North Mini Code
Cohere's open-source 30B/3B MoE coding model with 256K context, interleaved thinking, and strong SWE-Bench scores — all under Apache 2.0.
Overview
North Mini Code 1.0 is Cohere's first open-weights model built specifically for coding, released on June 9, 2026. It's a sparse Mixture-of-Experts (MoE) architecture with 30 billion total parameters but only 3 billion active per token — 128 experts with 8 activated at inference time. That MoE design is the core trick: you get performance that punches well above the 3B active-parameter weight class while keeping inference costs and hardware requirements dramatically lower than a dense 30B model.
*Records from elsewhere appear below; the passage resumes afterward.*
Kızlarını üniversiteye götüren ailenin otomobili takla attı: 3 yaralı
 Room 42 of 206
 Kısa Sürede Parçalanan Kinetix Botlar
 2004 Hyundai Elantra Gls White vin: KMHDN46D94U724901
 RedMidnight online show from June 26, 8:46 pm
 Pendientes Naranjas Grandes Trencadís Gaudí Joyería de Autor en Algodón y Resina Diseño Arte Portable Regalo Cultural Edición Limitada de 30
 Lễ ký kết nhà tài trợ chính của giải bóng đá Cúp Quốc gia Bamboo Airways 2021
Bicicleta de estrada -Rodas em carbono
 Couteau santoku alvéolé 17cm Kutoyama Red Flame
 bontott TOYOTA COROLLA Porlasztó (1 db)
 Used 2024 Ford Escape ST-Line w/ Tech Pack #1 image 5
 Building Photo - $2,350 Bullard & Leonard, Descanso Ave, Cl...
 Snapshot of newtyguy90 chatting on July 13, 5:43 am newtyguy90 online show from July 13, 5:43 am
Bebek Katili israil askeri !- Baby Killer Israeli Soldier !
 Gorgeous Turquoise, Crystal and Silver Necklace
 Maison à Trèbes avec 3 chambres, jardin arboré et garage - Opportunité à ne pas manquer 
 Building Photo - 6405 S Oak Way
The model is purpose-built for agentic software engineering workflows. It supports interleaved thinking — reasoning steps interspersed with tool calls — so it can plan a multi-file code change, execute terminal commands, inspect results, and iterate. On SWE-Bench Verified it scores 67.6% (resolved) and on SWE-Bench Pro it hits 40.2%, putting it in competitive range with models several times its active parameter count. The 256K token context window is large enough to hold substantial codebases in a single pass, and it can generate up to 64K tokens of output.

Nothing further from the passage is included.